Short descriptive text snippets
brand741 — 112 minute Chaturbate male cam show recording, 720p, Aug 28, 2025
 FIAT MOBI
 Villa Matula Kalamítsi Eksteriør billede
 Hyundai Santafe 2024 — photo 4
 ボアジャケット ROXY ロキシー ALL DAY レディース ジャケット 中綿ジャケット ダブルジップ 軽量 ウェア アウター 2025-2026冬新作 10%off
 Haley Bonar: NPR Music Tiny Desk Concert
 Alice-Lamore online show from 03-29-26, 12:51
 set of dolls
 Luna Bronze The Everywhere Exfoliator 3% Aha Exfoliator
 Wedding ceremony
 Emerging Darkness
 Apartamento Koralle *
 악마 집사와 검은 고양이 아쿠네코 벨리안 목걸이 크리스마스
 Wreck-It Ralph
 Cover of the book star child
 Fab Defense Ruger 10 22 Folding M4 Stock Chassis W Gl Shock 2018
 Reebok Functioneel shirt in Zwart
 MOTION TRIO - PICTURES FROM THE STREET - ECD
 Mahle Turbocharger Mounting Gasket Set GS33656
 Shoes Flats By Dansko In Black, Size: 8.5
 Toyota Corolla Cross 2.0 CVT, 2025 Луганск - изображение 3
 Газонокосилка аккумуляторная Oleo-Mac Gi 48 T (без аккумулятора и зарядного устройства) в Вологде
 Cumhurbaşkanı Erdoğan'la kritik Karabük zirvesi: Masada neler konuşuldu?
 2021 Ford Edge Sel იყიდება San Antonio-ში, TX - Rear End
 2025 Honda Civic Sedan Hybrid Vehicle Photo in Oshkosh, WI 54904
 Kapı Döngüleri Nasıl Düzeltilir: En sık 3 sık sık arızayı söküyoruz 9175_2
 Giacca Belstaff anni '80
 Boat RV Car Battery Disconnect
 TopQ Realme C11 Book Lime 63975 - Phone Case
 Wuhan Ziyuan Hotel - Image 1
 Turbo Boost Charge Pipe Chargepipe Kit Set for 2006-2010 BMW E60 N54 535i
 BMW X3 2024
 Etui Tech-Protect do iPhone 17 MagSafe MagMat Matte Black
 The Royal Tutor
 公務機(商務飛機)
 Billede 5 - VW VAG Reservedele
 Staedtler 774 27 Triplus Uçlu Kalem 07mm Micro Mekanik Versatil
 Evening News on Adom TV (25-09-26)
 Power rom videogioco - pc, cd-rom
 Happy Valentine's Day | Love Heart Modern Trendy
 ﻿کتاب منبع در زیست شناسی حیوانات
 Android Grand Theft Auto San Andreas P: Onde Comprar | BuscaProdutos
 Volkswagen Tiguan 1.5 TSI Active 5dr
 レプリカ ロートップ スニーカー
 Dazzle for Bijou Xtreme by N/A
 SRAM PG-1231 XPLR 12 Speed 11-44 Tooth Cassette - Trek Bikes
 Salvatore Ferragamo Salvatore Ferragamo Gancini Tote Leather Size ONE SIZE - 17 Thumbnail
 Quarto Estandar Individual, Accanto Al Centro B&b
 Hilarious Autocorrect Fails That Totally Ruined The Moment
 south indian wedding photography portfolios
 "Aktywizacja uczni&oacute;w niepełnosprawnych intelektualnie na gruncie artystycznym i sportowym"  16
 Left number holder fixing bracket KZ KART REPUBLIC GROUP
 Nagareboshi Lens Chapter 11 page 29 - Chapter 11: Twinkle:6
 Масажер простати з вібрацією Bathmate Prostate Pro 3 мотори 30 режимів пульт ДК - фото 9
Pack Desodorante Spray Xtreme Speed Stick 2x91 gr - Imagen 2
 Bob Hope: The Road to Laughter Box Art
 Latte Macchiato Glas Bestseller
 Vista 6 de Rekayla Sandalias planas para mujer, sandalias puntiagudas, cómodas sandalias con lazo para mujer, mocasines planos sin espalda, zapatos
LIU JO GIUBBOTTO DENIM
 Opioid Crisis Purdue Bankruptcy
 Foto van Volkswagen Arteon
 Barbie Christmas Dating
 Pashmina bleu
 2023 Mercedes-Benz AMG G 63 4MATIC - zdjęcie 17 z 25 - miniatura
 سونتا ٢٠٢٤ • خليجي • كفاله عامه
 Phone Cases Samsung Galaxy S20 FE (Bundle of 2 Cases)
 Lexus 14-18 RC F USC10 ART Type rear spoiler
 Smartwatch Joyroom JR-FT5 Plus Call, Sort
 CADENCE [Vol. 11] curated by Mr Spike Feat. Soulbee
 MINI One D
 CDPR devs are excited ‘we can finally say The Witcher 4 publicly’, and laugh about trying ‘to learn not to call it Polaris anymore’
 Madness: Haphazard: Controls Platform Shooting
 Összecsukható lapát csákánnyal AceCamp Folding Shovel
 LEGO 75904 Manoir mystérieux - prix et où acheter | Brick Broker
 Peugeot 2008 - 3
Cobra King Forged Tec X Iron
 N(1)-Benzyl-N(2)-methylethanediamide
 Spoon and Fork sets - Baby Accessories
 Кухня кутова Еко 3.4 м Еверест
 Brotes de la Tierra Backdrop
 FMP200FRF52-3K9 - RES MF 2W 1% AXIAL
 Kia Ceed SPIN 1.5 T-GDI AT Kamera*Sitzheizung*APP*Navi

▸ **EXERCISE DIRECTIONS**:
Which lines above contain the word "show"? List them.

▸ **WRITTEN ANSWER**:
brand741 — 112 minute Chaturbate male cam show recording, 720p, Aug 28, 2025
 Alice-Lamore online show from 03-29-26, 12:51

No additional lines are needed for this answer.